Settebello Olimpico e ancora Rio 2016

Urrà per il Settebello, che ieri ha sconfitto 8 a 7 la temutissima Australia. È stata una partita combattutissima, ricca di tensione, durante la quale le nostre ragazze della pallanuoto hanno sfoderato tutte le risorse e la grinta di cui sono capaci. E noi che eravamo in pensiero per la nostra Tania Di Mario, anche se non lo ammettevamo.
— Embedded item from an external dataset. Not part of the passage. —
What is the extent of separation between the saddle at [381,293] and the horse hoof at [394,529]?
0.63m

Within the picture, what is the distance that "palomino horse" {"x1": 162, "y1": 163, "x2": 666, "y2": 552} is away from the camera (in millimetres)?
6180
Battere il Brasile non è stata certo una passeggiata di salute per la squadra italiana, ma vincere contro le poderose e agguerrite australiane ha rappresentato il vero e proprio battesimo del fuoco ai cinque cerchi di Rio. Adesso siamo pronti a tutto, anche ad affrontare la nazionale russa che ci aspetta minacciosa.

La finale dei 50 metri stile libero maschile delle Olimpiadi di Rio de Janeiro non vedrà gareggiare il nostro Luca Dotto, che purtroppo ne è stato escluso per soli 4 centesimi. 4 centesimi sono un tempo che visto da fuori fa quasi venire un senso d’impotenza percettiva, d’inafferrabilità rispetto a grandezze che sfuggono, anche col cronometro in mano.

Fa strano pensare come la relatività del tempo divenga manifesta in certe occasioni, così all’improvviso poi, a ricordarti che esso è scandito da unità di misura che nulla hanno a che vedere con il vissuto interiore. Quando Seneca disse che il tempo interiore è relativo, intendeva proprio questo.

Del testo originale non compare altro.